However, this is not a MCAD blog; my interest in still primarily in automation software and system integration (including PCBs).  OK, I do plan on writing more, but mostly I want to write about my experiences with affordable MCAD.  I do not have the time or interest to keep up with all the latest deals.  But I still might mention deals or MCAD news occasionally.

If you want to keep up on the latest special offers, you should visit MCAD sites such as Deelip.com and World CAD Access.  Also, if you register for the free versions (e.g. Alibre Design Xpress, CoCreate PE, DoubleCAD XT) you will receive e-mail offers.

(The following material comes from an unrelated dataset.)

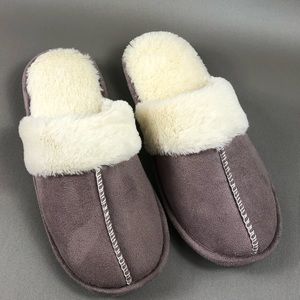 Daily Collection Women’s Memory Foam Slippers Size 9-10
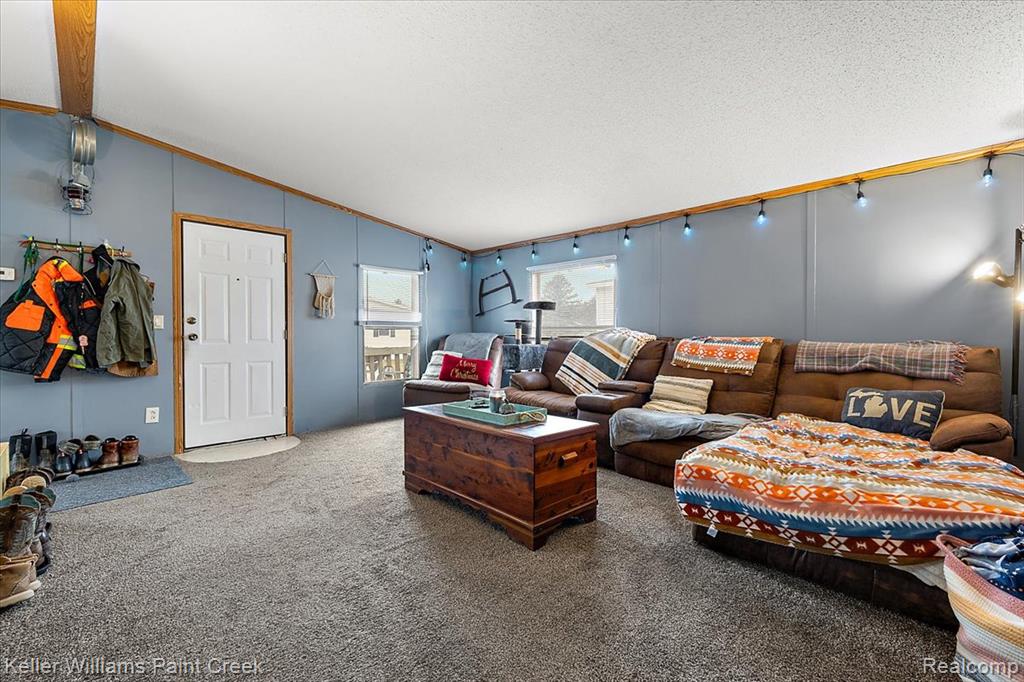 2119 Redwood Avenue, Columbus, MI — Photo 3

Alibre has had a lot of good deals (maybe too many).  I’m currently sticking with V11 because I haven’t used it enough, and the improvements in V12 aren’t compelling for my uses.

VX had another sale on VX Innovator around Christmas, but they aren’t as good at marketing as Alibre; if you’re interested in a deal on VX, you should check their web store frequently.

Kubotek has had some sales, too, such as Kubotek Spectrum for $99; current deals include $700 off KeyCreator.

My latest MCAD news is here.

January 14, 2010   3 Comments

Expiring MCAD Deals: VX Innovator 9/4, Alibre 9/29

Update 9/9/09: VX Innovator is now $295 (Americas, India, Africa) until September 30, 2009.  Check here for my latest MCAD news.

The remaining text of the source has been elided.